Mourinho reported the likelihood is that he will be shorn of the services of three key players.
‘Frank Lampard is ill, he’s in bed,’ said the Portuguese. ‘If today Frank is in bed I don’t think he will come tomorrow with conditions to travel.
‘Samuel Eto’o got an injury in training today and John Terry got a little thing yesterday. Normally all of them will be out.’
The Blues boss was asked to give his assessment of our season as a whole, and he has been pleased with our progression, particularly in comparison to the previous campaign.
‘It was positive, there was an evolution in every competitive aspect,’ he said. ‘Last year we were out of the title race by November, when Man United were champions the distance was 14 points. This season we fought until it was mathematically impossible, until the previous game, two games from the end of the championship.
‘In Europe we didn’t get through the group phase of the Champions League last season, we were relegated to the Europa League, and this season we went to the semi-finals. I’m not saying we fought until the last minute of the second leg but at the start of the second leg we were in a good position to reach the final, so from a competitive aspect it was an evolution.
‘Some of the players had that experience of fighting for the title for the first time and fighting in the Champions League, playing in the knockout phase, quarter-final and semi-final.
‘It’s not the kind of season we celebrate. We are not jumping because in such a difficult Premier League we finished third and qualified for the Champions League group phase without play-offs, but we knew when the season started it was possible this was going to happen.
‘For some teams the third position is something they live with in a happy way; we don’t, I don’t. That’s why we are turning our focus to preparations for next season.’
With the transfer window set to re-open on 1 June, thoughts have already turned towards shaping his squad for next season, and Mourinho has made no secret of his wish to sign a striker, although he expects to have to wait until the culmination of the World Cup to conclude any business.

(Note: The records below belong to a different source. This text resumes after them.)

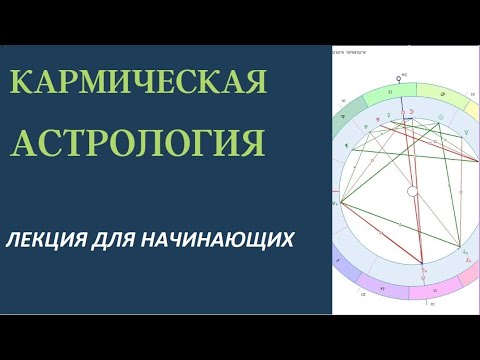 Видео: КАРМИЧЕСКАЯ АСТРОЛОГИЯ: КАРМИЧЕСКИЙ ОПЫТ И ВОЗРАСТ ДУШИ. ТАЙМИНГ ПОД ВИДЕО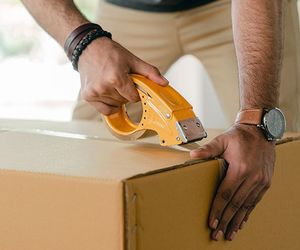 Moving out? What tenants need to do before moving out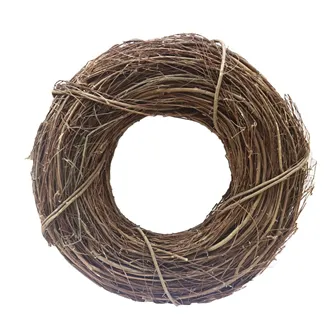 Wreath P2183/2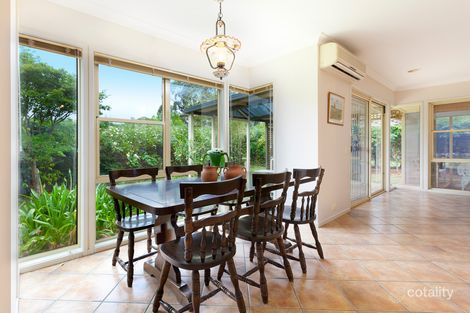 Property photo of 7 Rowland Road Bowral NSW 2576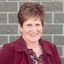 Kelly Solberg State Farm Agent Team Member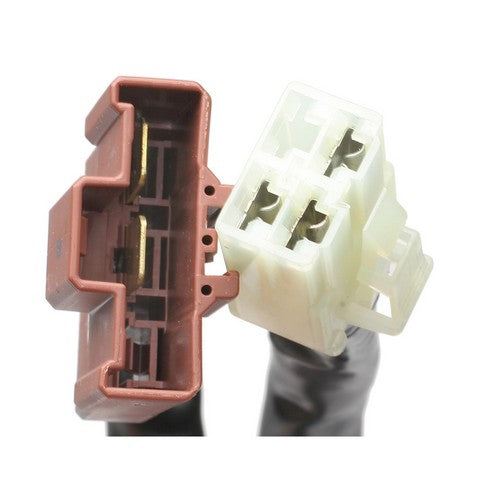 Standard Ignition Ignition Switch P/N:US-910 Fits: Land Rover Discovery 99-94 - Image 3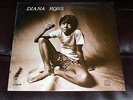 SEALED DIANA ROSS s/t Motown Ain't No Mountain High MINT Reach Out and Touch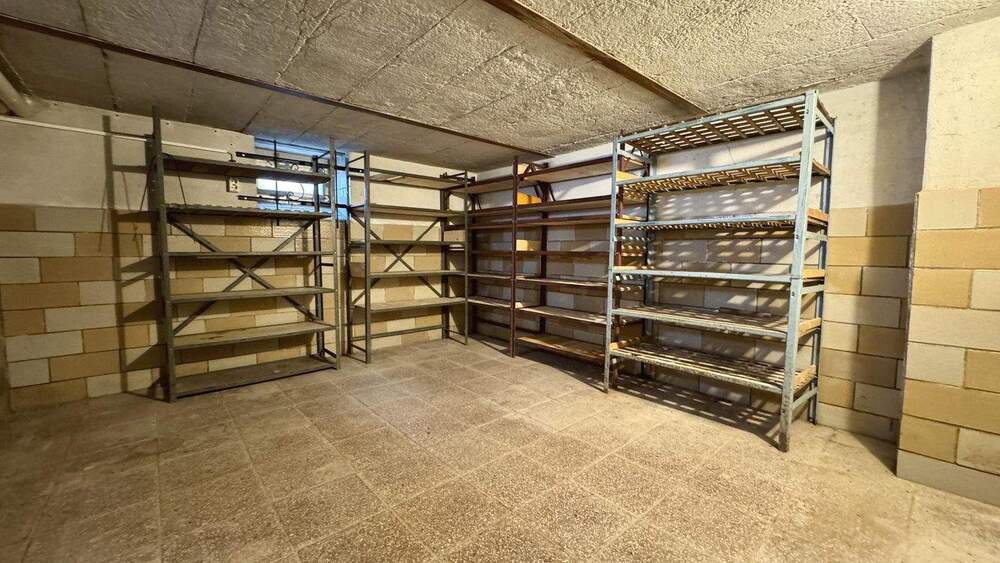 Einfamilienhaus Kubschütz Jenkwitz - 8 Zimmer, 179 m&sup2;, 240.000&euro; | Angebot:25877470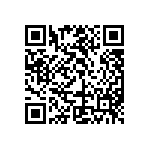 10120130-U0J-60DLF QRCode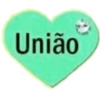 União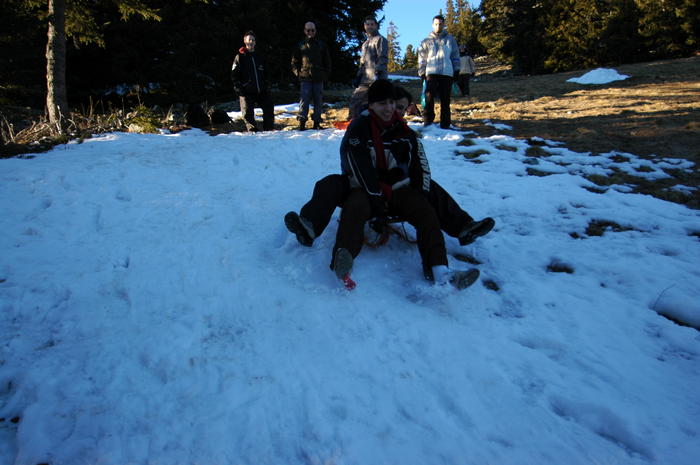 dsc_1824.jpg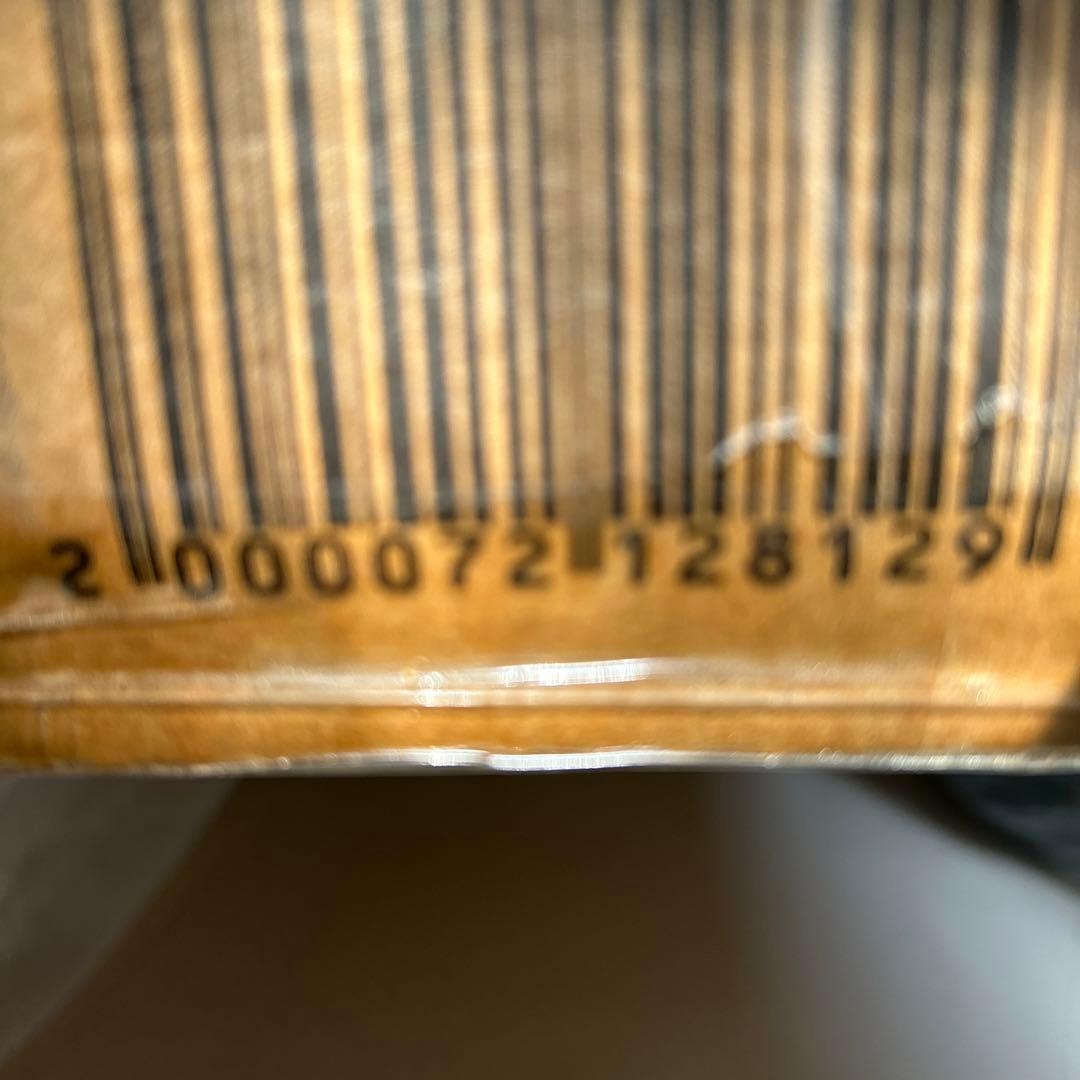 ニトリ　USB棚付きベット　SD NA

‘A striker is something we have been speaking about for a long time,’ he said. ‘In December/January, when you were all asking and trying to understand why we weren’t bringing one in, I said it’s something we were working on and preparing for the long-term future, not just an immediate solution to try to help us for the rest of the season.
‘It’s normal that we are going to bring a striker, it’s normal we want to improve. We have good strikers, we have good players and we are not in a desperate situation, but every team wants the summer window to improve, and one area where we want to improve, which we’ve made clear since January, is the striker’s position. We have three at the moment, normally one is coming and one is leaving.

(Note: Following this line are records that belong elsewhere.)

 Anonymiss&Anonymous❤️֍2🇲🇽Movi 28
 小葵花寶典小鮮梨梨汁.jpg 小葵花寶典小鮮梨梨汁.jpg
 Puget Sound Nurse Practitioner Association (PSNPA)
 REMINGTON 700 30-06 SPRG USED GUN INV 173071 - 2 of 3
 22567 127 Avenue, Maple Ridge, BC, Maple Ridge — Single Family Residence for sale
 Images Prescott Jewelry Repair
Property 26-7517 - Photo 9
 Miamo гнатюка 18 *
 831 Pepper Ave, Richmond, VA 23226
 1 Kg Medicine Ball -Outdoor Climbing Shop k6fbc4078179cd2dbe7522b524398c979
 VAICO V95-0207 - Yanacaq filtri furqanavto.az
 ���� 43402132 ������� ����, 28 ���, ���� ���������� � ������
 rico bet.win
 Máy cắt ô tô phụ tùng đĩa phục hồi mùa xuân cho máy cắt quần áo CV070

‘More and more, if the window is open until 31 August people delay, they react and wait to see what is happening with their own players. It’s very difficult to finalise deals early, especially with the World Cup. Now the players disappear and go to the World Cup so it’s more of a time to find a direction and analyse details, to decide the project for next season, the project for the transfer window and make the deals happen.’
On the whole, Mourinho has enjoyed his first season back in the Premier League, even remaining philosophical about some of the defeats.
‘I like being back and I enjoyed most of the things that have happened,’ he reflected. ‘I don’t enjoy defeats but to lose, for example, at Crystal Palace, is English football. To lose at Newcastle, in spite of a very good first half, that’s English football.
‘To lose like we did against Sunderland and Aston Villa is not English football, but what’s happened has happened. In football if you stay too much with the past, good or bad, good memories or bad memories, it’s not the best way to prepare for the future.’